RECORDS TO USE Start Marker
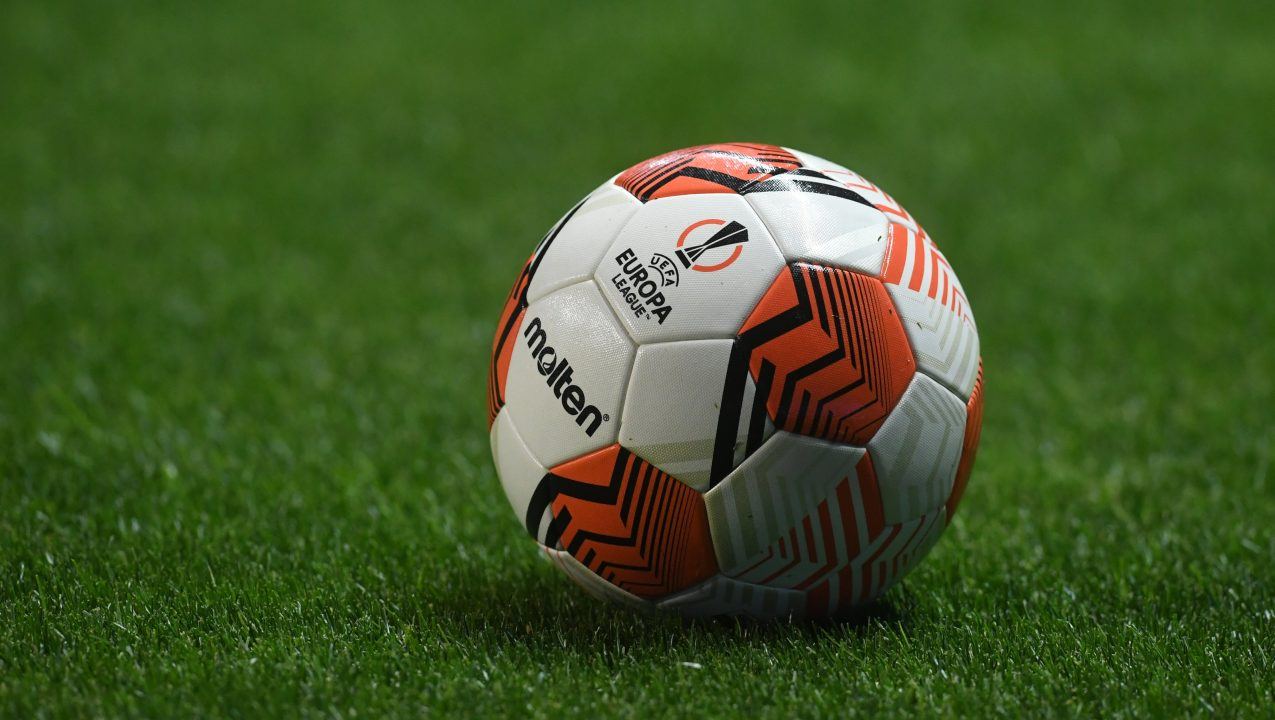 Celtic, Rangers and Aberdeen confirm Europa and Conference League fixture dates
RECORDS TO USE End Marker
RECORDS TO USE Start Marker
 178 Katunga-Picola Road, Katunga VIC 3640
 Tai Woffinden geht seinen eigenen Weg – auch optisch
RECORDS TO USE End Marker
RECORDS TO USE Start Marker
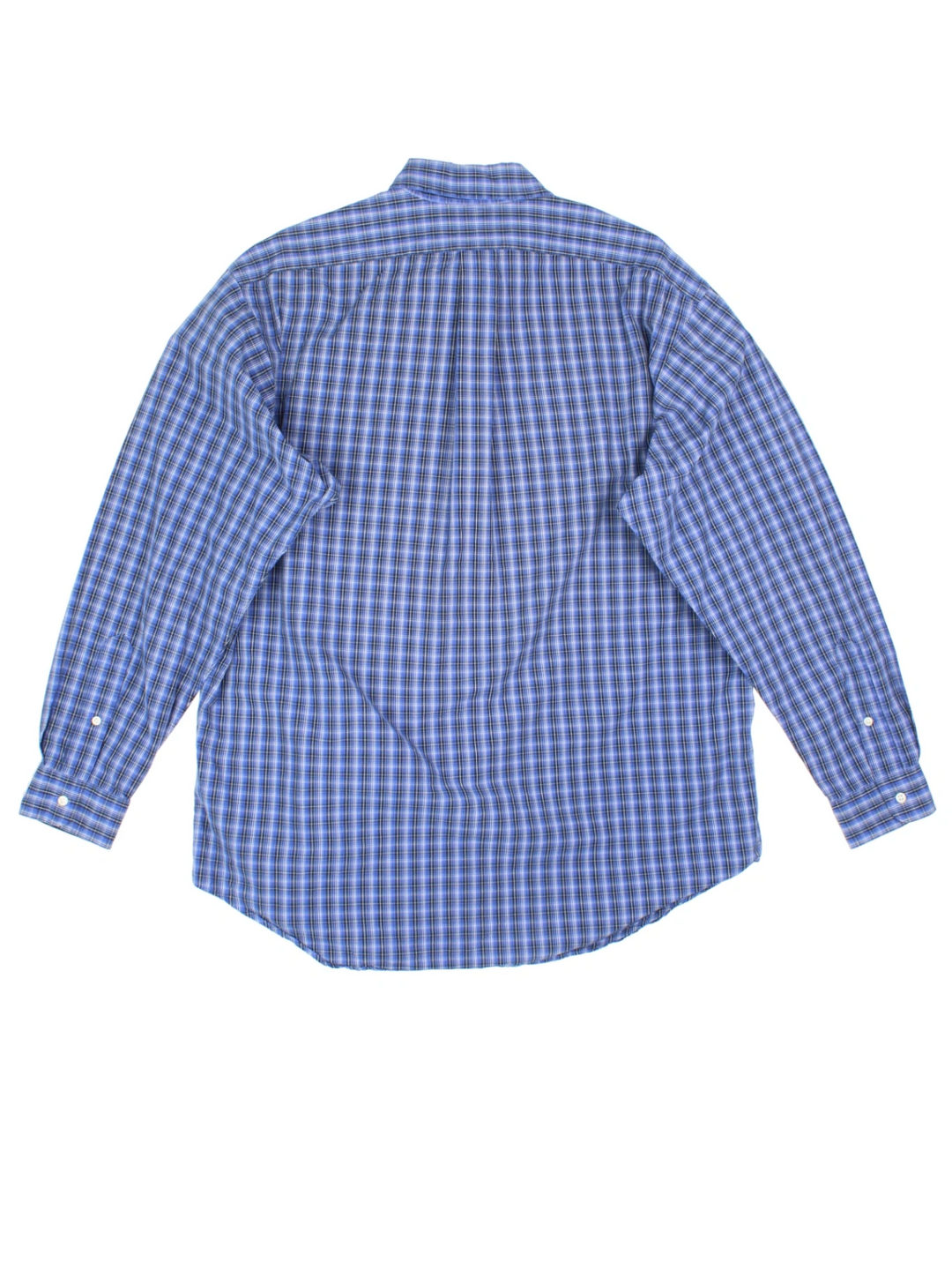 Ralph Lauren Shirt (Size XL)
RECORDS TO USE End Marker
- AIM OF THE TASK: Where the listing above has a line with "178 Katunga-Picola Road, Katunga VIC 3640", start there, and output every line exactly through the line with "Tai Woffinden geht", which is also included.

- ANSWER SECTION:
 178 Katunga-Picola Road, Katunga VIC 3640
 Tai Woffinden geht seinen eigenen Weg – auch optisch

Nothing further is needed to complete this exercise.